Let's now inspect the distributions of the two numerical attributes contained in the transactional dataset namely, the (1) local currency amount `DMBTR` and the (2) document currency amount `WRBTR`:

### DMBTR

In [None]:
log()
# Display object type and values for each feature
display(Markdown(f'<b>{ori_dataset.columns[7]}</b> - {ori_dataset.DMBTR.dtype}'))
display(Markdown(f'Values:'))
print(f'{ori_dataset.DMBTR.value_counts(normalize=True)}\n')
print()
n_nan = ori_dataset.DMBTR.isnull().sum()
if n_nan > 0:
    print(f'{ori_dataset.DMBTR} has {n_nan} NaNs')

In [None]:
log()
# plot distribution of feature
plt.figure(figsize=(16,9))
sns.distplot(ori_dataset.DMBTR)
plt.title('Distribution of DMBTR observations', fontsize = 20)

### WRBTR

In [None]:
log()
# Display object type and values for each feature
display(Markdown(f'<b>{ori_dataset.columns[8]}</b> - {ori_dataset.WRBTR.dtype}'))
display(Markdown(f'Values:'))
print(f'{ori_dataset.WRBTR.value_counts(normalize=True)}\n')
print()
n_nan = ori_dataset.WRBTR.isnull().sum()
if n_nan > 0:
    print(f'{ori_dataset.WRBTR} has {n_nan} NaNs')

In [None]:
log()
# plot distribution of feature
plt.figure(figsize=(16,9))
sns.distplot(ori_dataset.WRBTR)
plt.title('Distribution of WRBTR observations', fontsize = 20)

As expected, it can be observed, that for both attributes the distributions of amount values are heavy tailed. 

# FEATURE ENGINEERING

## One Hot Encoding

Unfortunately, neural networks are in general not designed to be trained directly on categorical data and require the attributes to be trained on to be numeric. One simple way to meet this requirement is by applying a technique referred to as **"one-hot" encoding**. Using this encoding technique, we will derive a numerical representation of each of the categorical attribute values. One-hot encoding creates new binary columns for each categorical attribute value present in the original data. 
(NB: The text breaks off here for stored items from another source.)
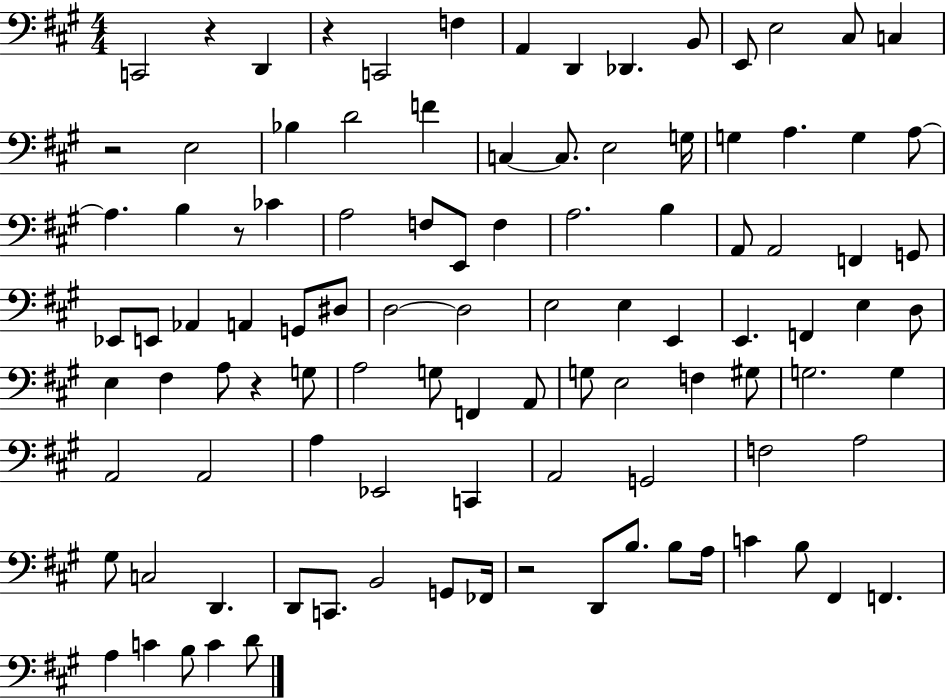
{
  \clef bass
  \numericTimeSignature
  \time 4/4
  \key a \major
  c,2 r4 d,4 | r4 c,2 f4 | a,4 d,4 des,4. b,8 | e,8 e2 cis8 c4 | \break r2 e2 | bes4 d'2 f'4 | c4~~ c8. e2 g16 | g4 a4. g4 a8~~ | \break a4. b4 r8 ces'4 | a2 f8 e,8 f4 | a2. b4 | a,8 a,2 f,4 g,8 | \break ees,8 e,8 aes,4 a,4 g,8 dis8 | d2~~ d2 | e2 e4 e,4 | e,4. f,4 e4 d8 | \break e4 fis4 a8 r4 g8 | a2 g8 f,4 a,8 | g8 e2 f4 gis8 | g2. g4 | \break a,2 a,2 | a4 ees,2 c,4 | a,2 g,2 | f2 a2 | \break gis8 c2 d,4. | d,8 c,8. b,2 g,8 fes,16 | r2 d,8 b8. b8 a16 | c'4 b8 fis,4 f,4. | \break a4 c'4 b8 c'4 d'8 | \bar "|."
} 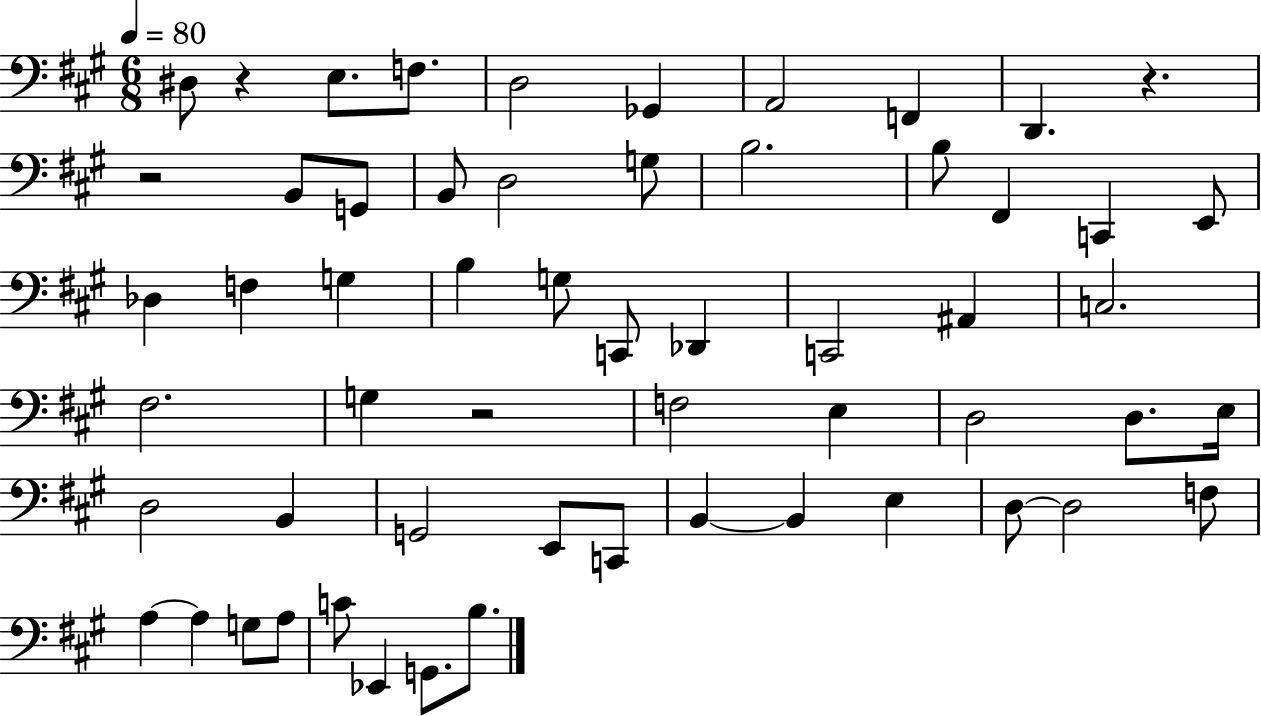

Let's work through a brief example: The **categorical attribute “Receiver”** below contains the names "John", "Timur" and "Marco". We "one-hot" encode the names by creating a separate binary column for each possible name value observable in the "Receiver" column. Now, we encode for each transaction that contains the value "John" in the "Receiver" column this observation with 1.0 in the newly created "John" column and 0.0 in all other created name columns.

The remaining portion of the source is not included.